Discussion and Conclusion

Off-the-ball runs in behind play a critical role in soccer, serving both as a direct attacking threat and as a mechanism for disrupting defensive structures. We first conclude that possessions containing at least one run in behind have a significantly higher (14%) probability of leading to a shot. This analysis was made possible by the data collection efforts of SkillCorner, who provided the large-scale spatiotemporal tracking dataset used in this study.

SkillCorner applied proprietary algorithms to detect and categorize off-the-ball runs. Using the SkillCorner datasets, we combined player- and ball-tracking data with an event-level dataset of off-the-ball runs to compute run-level features essential to our analysis. These features included spatial endpoints (x, y), run angle, speed, curvature, defensive-line interactions, and the number of opponents passed. We then reconstructed possessions across matches, identified whether each possession resulted in a shot, and created a possession index linking runs to possessions. This process yielded the final dataset used for analysis.
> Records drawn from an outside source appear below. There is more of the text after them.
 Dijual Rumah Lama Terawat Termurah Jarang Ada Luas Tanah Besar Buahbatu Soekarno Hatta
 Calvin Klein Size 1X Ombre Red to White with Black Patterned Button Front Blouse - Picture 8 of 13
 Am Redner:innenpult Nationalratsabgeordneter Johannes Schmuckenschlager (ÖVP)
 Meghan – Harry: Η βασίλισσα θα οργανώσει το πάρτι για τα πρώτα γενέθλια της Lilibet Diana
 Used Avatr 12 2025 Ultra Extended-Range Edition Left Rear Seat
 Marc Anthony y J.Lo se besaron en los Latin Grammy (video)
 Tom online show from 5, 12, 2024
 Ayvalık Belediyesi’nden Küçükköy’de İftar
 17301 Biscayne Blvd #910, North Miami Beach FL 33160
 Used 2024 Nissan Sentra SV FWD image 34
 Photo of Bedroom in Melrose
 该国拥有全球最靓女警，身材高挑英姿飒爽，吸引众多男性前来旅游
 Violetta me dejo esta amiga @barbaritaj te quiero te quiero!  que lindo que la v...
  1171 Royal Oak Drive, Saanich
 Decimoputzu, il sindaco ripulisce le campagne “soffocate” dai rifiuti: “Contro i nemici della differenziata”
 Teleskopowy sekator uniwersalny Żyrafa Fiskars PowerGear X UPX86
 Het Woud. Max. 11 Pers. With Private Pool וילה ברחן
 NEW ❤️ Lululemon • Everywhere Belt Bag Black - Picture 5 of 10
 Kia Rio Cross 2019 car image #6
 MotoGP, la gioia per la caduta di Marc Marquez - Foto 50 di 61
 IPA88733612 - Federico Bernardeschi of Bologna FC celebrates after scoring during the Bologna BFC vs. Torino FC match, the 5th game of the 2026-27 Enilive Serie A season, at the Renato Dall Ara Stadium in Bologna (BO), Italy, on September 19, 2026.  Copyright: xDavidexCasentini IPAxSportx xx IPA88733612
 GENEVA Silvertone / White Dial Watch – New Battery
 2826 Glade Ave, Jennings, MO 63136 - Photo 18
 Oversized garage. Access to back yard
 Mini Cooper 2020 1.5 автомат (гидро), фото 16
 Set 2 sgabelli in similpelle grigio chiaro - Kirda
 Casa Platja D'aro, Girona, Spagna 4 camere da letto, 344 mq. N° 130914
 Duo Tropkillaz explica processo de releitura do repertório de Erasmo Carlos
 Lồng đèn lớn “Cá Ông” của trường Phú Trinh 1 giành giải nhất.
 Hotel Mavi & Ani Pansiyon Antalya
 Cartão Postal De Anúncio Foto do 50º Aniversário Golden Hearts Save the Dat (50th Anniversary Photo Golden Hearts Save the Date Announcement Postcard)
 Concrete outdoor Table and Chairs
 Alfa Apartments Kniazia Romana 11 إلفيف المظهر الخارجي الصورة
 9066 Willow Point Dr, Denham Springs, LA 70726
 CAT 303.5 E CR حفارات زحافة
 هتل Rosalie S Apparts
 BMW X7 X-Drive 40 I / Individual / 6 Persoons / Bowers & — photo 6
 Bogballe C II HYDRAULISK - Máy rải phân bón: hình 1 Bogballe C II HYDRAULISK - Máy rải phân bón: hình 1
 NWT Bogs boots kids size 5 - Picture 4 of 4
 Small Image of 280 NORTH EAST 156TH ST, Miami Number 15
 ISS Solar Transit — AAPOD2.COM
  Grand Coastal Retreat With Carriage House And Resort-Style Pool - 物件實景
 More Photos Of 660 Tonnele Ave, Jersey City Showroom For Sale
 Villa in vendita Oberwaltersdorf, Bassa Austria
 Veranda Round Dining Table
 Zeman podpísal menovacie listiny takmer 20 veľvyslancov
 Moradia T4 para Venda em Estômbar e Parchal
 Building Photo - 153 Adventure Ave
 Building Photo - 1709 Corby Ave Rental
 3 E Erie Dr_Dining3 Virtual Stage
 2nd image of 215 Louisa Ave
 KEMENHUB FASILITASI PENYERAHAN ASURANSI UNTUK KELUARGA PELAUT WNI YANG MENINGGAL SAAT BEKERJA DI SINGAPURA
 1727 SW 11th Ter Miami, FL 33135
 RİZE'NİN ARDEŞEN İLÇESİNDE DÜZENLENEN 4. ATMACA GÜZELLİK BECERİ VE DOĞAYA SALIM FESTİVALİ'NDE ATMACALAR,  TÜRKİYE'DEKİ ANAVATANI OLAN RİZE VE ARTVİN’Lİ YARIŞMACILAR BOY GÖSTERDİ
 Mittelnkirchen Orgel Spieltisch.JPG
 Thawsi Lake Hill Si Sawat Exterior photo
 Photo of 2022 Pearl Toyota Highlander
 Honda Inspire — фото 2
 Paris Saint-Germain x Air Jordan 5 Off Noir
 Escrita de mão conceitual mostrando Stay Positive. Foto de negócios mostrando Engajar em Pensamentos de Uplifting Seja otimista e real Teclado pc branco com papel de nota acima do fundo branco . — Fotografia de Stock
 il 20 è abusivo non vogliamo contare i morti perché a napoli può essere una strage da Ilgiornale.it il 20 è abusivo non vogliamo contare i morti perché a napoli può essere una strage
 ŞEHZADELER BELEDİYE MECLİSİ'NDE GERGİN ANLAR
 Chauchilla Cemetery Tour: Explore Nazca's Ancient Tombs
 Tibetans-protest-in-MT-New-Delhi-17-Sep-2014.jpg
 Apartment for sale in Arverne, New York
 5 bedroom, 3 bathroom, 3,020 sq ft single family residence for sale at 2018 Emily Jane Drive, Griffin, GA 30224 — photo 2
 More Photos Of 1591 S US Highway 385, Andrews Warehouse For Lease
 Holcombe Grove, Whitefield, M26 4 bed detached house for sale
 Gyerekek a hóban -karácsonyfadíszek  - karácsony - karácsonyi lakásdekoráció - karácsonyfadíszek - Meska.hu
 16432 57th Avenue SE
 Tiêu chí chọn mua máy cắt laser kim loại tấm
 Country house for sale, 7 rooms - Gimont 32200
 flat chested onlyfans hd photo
The second major component of our analysis focused on identifying which run characteristics significantly predict whether a possession leads to a shot. Using one-variable logistic regression models, we reduced the full feature set to a smaller subset of significant predictors. These included end location of the run along the x-axis, distance covered, width at the end of the run and change in width during the run, run angle, defensive-line height and the runner’s relationship to that line, and distance between the runner and the player in possession.

It is important to note that soccer actions and off-the-ball runs cannot be fully characterized using linear relationships alone. Many features interact and exhibit strong correlations, which limits the ability of simple models to capture their combined effects. Our correlation analysis revealed several highly correlated features, such as distance covered and change in defensive-line height, which is expected given how attacking plays unfold. Nevertheless, these linear models still provide meaningful insight into how individual run characteristics relate to shot creation.

Beyond identifying significant predictors, we also examined how these features influence the likelihood of a run contributing to a shot. By separating runs into those that led to shots and those that did not, we compared feature distributions to uncover consistent patterns. From this analysis, we identified six key characteristics of effective runs in behind:

  1. Runs that start higher up the field and end near the top of the penalty box are more likely to lead to shots. This aligns with the objective of advancing the ball into dangerous central areas closer to goal.
  2. Runs that cover longer distances tend to produce more shots, consistent with the high threat posed by counterattacks in which players exploit large spaces at speed.
  3. Runs that significantly reduce width by moving centrally and that finish in central areas have a higher likelihood of leading to shots than runs that remain wide.
  4. Diagonal runs toward the center of the field are more effective than purely vertical runs, supporting tactical principles commonly associated with striker movement.
  5. Runs that create substantial disruption to the defensive line, relative to its initial height, are more likely to result in shots. Both forcing a low defensive line to drop further and compelling a high line to retreat substantially increase shot probability.
  6. Runs made closer to the player in possession are significantly more likely to lead to shots, emphasizing the importance of providing an accessible and immediate passing option.

A key limitation of this work is that many of the analyzed variables interact in nonlinear ways that simple logistic regression models cannot fully capture. However, the findings offer clear, evidence-based insights into what constitutes an effective run in behind. These results help reinforce tactical principles for striker and winger movement and provide a foundation for player development, coaching, and future modeling using more expressive nonlinear approaches.